Il est vrai qu’à ce jour il n’y a pas eu d’applications directes des découvertes en physique des particules, mais il y a eu quelques occasions manquées. Par exemple, si le muon (une particule instable découverte dans les années 1940) vivait un peu plus longtemps avant de se désintégrer, il pourrait être utilisé pour catalyser la fusion nucléaire et générer d’énormes quantités d’énergie. La découverte de particules chargées à longue durée de vie capables de catalyser la fusion n’est pas inconcevable. Pour donner un autre exemple possible, certaines théories de « grande unification » des forces connues prédisent l’existence de monopôles, qui pourraient être utilisés pour catalyser la désintégration du proton, fournissant ainsi une source d’énergie pratiquement illimitée.
Il n’est donc pas vrai qu’il soit inimaginable d’appliquer les connaissances issues de la physique des particules, même si cela paraît improbable. Ce qui est certain, c’est qu’il sera impossible d’exploiter les lois et faits de la nature qui restent à découvrir.
3.3. Retombées et stimulation de l’industrie
Par retombées, j’entends les dispositifs et techniques développés pour faire de la recherche fondamentale qui se révèlent avoir d’autres usages. Je donne ici quelques exemples issus de la physique des particules (beaucoup pourraient tout aussi bien être attribués à la physique nucléaire, dont la physique des particules est issue) :
Accélérateurs1
- industrie des semi-conducteurs
- stérilisation – alimentaire, médicale, eaux usées
- traitement par rayonnement
- essais non destructifs
- thérapie contre le cancer
- incinération des déchets nucléaires
- production d’énergie (amplificateur d’énergie) ?
- source de rayonnement synchrotron (biologie, physique de la matière condensée…)
- source de neutrons (biologie, physique de la matière condensée…)
Détecteurs de particules
- Détecteurs à cristaux2
- imagerie médicale
- sûreté et sécurité
- essais non destructifs
- recherche
- Chambres proportionnelles à fils multiples
- inspection de conteneurs
- recherche
- Détecteurs à semi-conducteurs
- nombreuses applications en cours de développement
Informatique
- World Wide Web3
- programmes de simulation
- diagnostic de pannes
- systèmes de contrôle
- stimulation du calcul parallèle
Supraconductivité
- physique des particules
- fils/câbles multifilamentaires
- imagerie par résonance magnétique nucléaire
- nombreuses autres (cryogénie, vide, génie électrique, géodésie…)

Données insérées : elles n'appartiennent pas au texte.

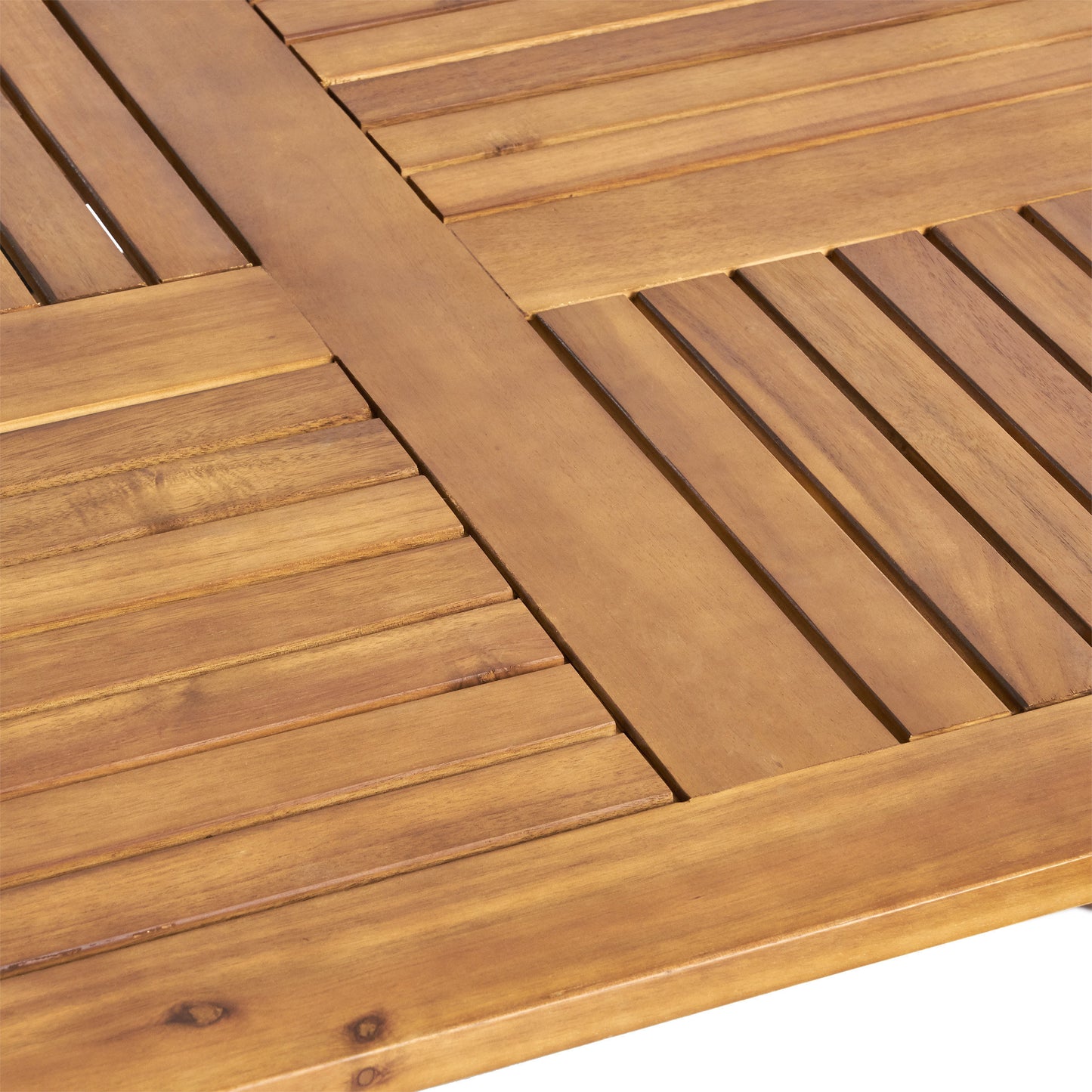 Acacia Wood 70in Outdoor Dining Table For Patio Teak Finish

On a parfois l’impression que le simple fait de présenter cette longue liste de retombées de la physique des particules suffit à justifier les dépenses engagées dans notre discipline. Pourtant, une telle justification est loin d’être évidente. Il faudrait d’abord quantifier les bénéfices économiques. Ensuite, il faudrait analyser ce qui se serait produit si les fonds consacrés à la physique des particules avaient été alloués autrement, c’est-à-dire estimer ce que l’on appelle le « coût d’opportunité ». Il n’est pas surprenant que les importantes dépenses au CERN produisent des retombées : au contraire, il serait étonnant qu’il n’y en ait pas, et des investissements comparables dans d’autres secteurs de haute technologie entraîneraient également des retombées.
Il est néanmoins tout à fait légitime de considérer que la valeur de ces retombées doit être prise en compte dans l’évaluation du coût de la science fondamentale. Et il est probable que les exigences particulières de la physique des particules — qui repose sur des instruments très sophistiqués conçus sur mesure — en font un terrain particulièrement fertile en retombées. De fait, les économistes reconnaissent de plus en plus l’importance de ces retombées, notamment sous forme d’instruments développés pour mener des recherches fondamentales (4). Une grande partie de l’équipement utilisé aujourd’hui dans les usines d’électronique moderne trouve son origine dans les laboratoires universitaires, et il existe de nombreux exemples d’instrumentation ayant suivi tout ou partie de la chaîne allant de la physique à la chimie, puis à la biologie, à la médecine clinique, et enfin aux soins de santé.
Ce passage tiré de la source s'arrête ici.